Image By: Image Courtesy of FX

Unlike many New Year’s resolutions to spend more time unplugging and disconnecting — my own involves spending more time focusing on the screen, not less. 2019 was largely a mixed bag for television. Some shows like “Fleabag” and “Succession” broke out from first-season success stories to become second-season award darlings, while others like “Game of Thrones” failed to provide a satisfying conclusion that fully resonated with fans. Regardless of whether or not you believe (spoiler alert — Bran) should sit upon the Iron Throne, 2020 provides a fresh slate of new originals, adaptations and many others from across streaming everywhere. Don’t worry, favorites like “BoJack,” “Ozark,” “Brooklyn Nine-Nine” and “Westworld” will be returning too, but for now, these are just a few of the newbies you should check out in the coming months. 
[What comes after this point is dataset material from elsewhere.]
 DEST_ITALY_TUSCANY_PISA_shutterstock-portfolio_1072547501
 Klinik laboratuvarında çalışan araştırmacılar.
The Outsider — premiered on HBO (January 12) 

Following a forgettable 2019 for Stephen King adaptations, this HBO miniseries starring Ben Mendhelson and Jason Bateman hopes to reverse the trend and remind viewers of the shocking power his stories can still provide if properly translated for the medium. Mendhelson, known for villainous roles in both “Rogue One” and “Ready Player One” in recent years, plays against-type as small-town Georgia detective Ralph Anderson — a man struggling to piece together the supernatural forces behind the murder of a young boy seemingly at the hands of beloved community member Terry Maitland, portrayed by Bateman. With the first two episodes helmed by the Emmy-winning “Ozark” director and teleplay adapted by “Wire” alum Richard Price, the adaptation provides a heap of prestige and should do justice towards some of King’s best work in recent years. Fans of “True Detective” will definitely feel at home in the unsettling Southern atmosphere, and they can even find the first few episodes available on streaming right now.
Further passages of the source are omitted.